Figure 7. Carbon balance (CO2e emissions minus CO2 storage) of the gate-to-grave CCUS system for: (A) continuous gas injection, (B) water curtain injection, (C) water alternating gas, and (D) Hybrid WAG + WCI. Núñez-López et al. (2019).
The study included a scenario analogous to IEA's Maximum Storage EOR+, where excess CO2 from the recycling facility is injected into an underlying saline aquifer in a stacked storage fashion for long term CO2 offtake and storage. This scenario demonstrates significant potential for improving environmental performance while providing a better understanding of how EOR and saline storage can be co-managed as a CCUS project matures. Results are illustrated in Figure 8, where the negative emissions period is extended considerably in all scenarios.
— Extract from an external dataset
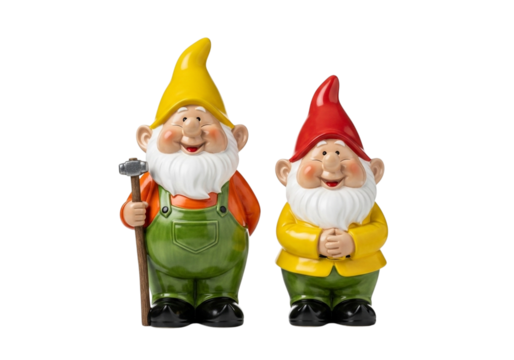 Two garden gnomes with red and yellow hats, one holding a shovel, standing on a transparent background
In the WAG scenario, oil can be produced with negative emissions from 18 years to potentially the entire life of the EOR project if gases are not separated at the surface.
Figure 8. Carbon balance (CO2e emissions minus CO2 storage) of the gate-to-grave CCUS system with stacked saline carbon storage for: (A) continuous gas injection, (B) water curtain injection, (C) water alternating gas, and (D) Hybrid WAG + WCI. Núñez-López et al. (2019).
Results like this, which demonstrate that all CO2-EOR operations produce negative emissions oil during the first several years of production are critical in the context of the urgency of climate change mitigation. Further details of the study can be found in Núñez-López et al. (2019).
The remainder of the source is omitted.